Im developing a program where all the threads of a kernel need some parameters (over 22 floats ) so I was wondering to know if it is possible to store them directly in the shared memory passing them as argument.
As passing 22 arguments is not very comfortable, and float[22] would not work as expected (I supose that the only which would be placed in shared memory in this case is the pointer to the first element, thus the rest will remain in global memory), I think that the best option is to do an struct with the 22 elements, an then pass only this struct as argument. What I’m not sure is if all the data of the struct will remain in shared memory or if it will happen like in the array case.
Can anyone help me?
I also wanted to know if in that case I have copy the struct in the device memory as usual (cudaMalloc + cudaMemcpy).
I think that struct on the kernel argument should go to shared memory, but in this case I’ve another question. If I have 2 arrays of 11 elements each in my struct, instead of having 22 diferent variables, what should happen ten?

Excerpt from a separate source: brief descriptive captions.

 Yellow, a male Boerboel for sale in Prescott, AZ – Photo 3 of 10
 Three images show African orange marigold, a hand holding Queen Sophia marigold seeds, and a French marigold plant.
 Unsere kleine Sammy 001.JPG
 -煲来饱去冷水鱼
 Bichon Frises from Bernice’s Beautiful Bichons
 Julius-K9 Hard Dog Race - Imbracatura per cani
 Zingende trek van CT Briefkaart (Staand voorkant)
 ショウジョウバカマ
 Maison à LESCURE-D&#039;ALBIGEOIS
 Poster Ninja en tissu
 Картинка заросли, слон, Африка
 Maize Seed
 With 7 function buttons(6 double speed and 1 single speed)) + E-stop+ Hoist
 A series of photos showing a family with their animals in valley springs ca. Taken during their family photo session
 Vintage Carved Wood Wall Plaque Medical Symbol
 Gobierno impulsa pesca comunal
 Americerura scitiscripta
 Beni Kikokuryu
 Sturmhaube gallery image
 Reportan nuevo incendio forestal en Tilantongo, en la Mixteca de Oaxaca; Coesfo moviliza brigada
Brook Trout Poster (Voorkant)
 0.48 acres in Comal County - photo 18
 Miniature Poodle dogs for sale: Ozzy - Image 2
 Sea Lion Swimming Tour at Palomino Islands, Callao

Probably the pointer will store in shared memory but not the whole array, won’t it?
In any case, if the whole struct is on the shared memory, may I call malloc or not?
An array is just a pointer to the first element of the array. So passing an array to a kernel, only the pointer will be transferred.
I have never tried passing a struct to a kernel, but it should be stored in shared memory. Passing a struct with an array within it won’t work. The pointer within the struct is a host pointer!